Jezus jeździł na łyżwach
"White star" z belgijskiego Teatru Victoria na 15. Międzynarodowym Festiwalu Teatralnym Kontakt. Pisze Andrzej Churski w Nowościach Gazecie Pomorza i Kujaw.
Czytając zapowiedzi przedstawienia "White star", spodziewałem się agitki nakłaniającej do bezwarunkowego akceptowania transseksualistów i innych odmieńców. Belgijski zespół z Gandawy oparł swoją historię na opowieści osoby, która zmieniła płeć (gra w przedstawieniu). Równocześnie grupa zafundowała widzom obszerny katalog przykładów odmienności fizycznych i psychicznych, rzeczywistych i wymyślonych dla zwrócenia uwagi otoczenia. Jakby mimochodem pojawiają się też rozmaite konteksty społecznego funkcjonowania ludzi dotkniętych odmiennością, z religią i popkulturą i kryminalną otoczką na czele. Jest w tym podejściu uczciwość i publicystyczna, i artystyczna.

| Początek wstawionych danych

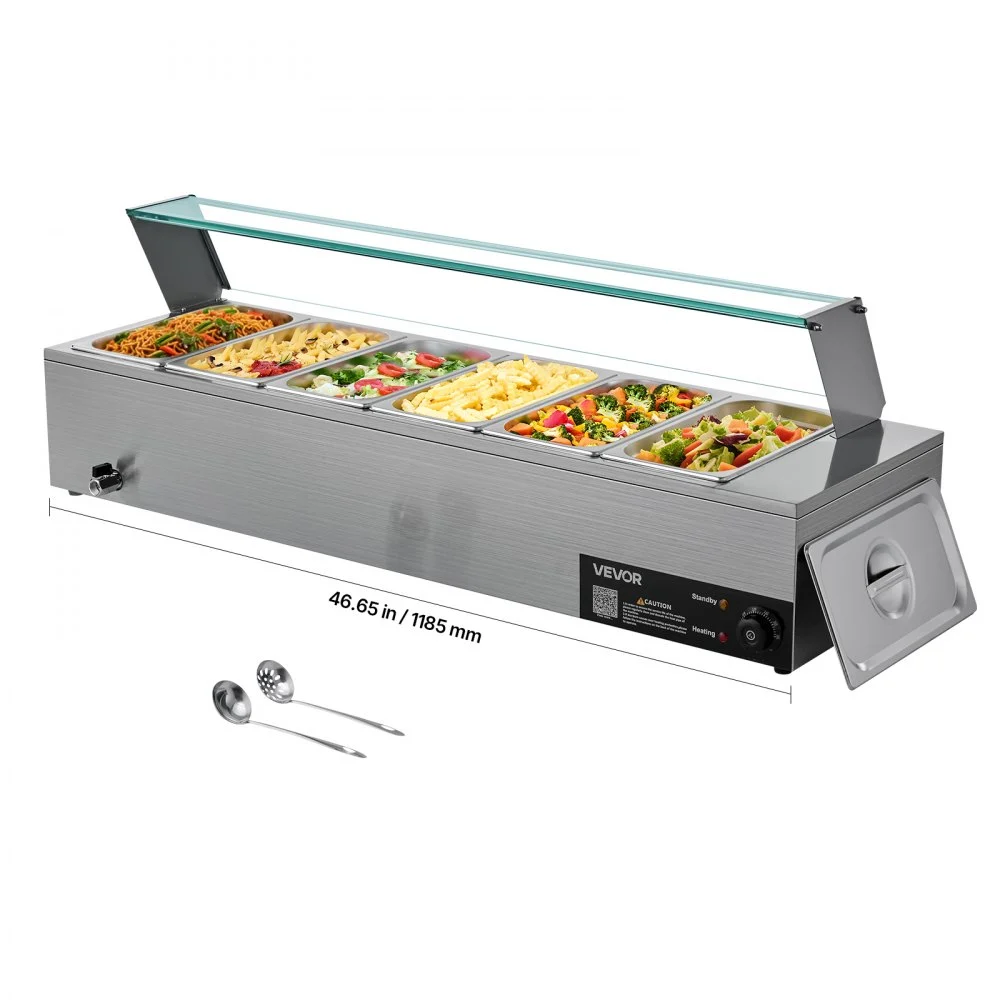 Summer Sale

        
               VEVOR Commercial Food Warmer, 1500W Electric Stainless Steel Steam Food Warmer with Glass Cover, 6 x 1/3 Size Pans Buffet Bain Marie with Soup & Perforated Ladles, for Catering, Restaurant & Party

Pokazywane równocześnie historie kilku drastycznych przypadków są przekonujące, budzą emocje. Z jednej strony transformacje przeprowadzone na scenie zaskakują, bo dla widza aktor jest dziewczyną w czerwonej sukni, tancerz - powykrzywianym chorobą kaleką albo nagim Jezusem z raną w boku (póki nie założy łyżew). Z drugiej strony widać, ile - dosłownie - leje się przy poważnej transformacji krwi. Przedstawienie jest bardzo bogate, szybkie, pełne olśniewających działań z pogranicza aktorstwa, tańca, cyrku. Jest zmienne w nastrojach, pełne humoru, ale i dramatyczne. Plączący się wśród walczących o swoje miejsce w życiu odmieńców mały chłopiec, który pod koniec okazuje się małą dziewczynką, patrzy spokojnie na rozgrywające się wokół panoptikum. To rozsądna postawa. Zachwycona publiczność długo biła brawo.
Na tle drastycznych treści Belgów czeski spektakl "Książę Myszkin jest idiotą", w którym aktorka nie zgadza się z reżyserem, a Nastazja Filipowna nie może się zdecydować na małżeństwo, wypadł blado, mimo czeskiego humoru i efektownie nagich pleców zgrabnej bohaterki.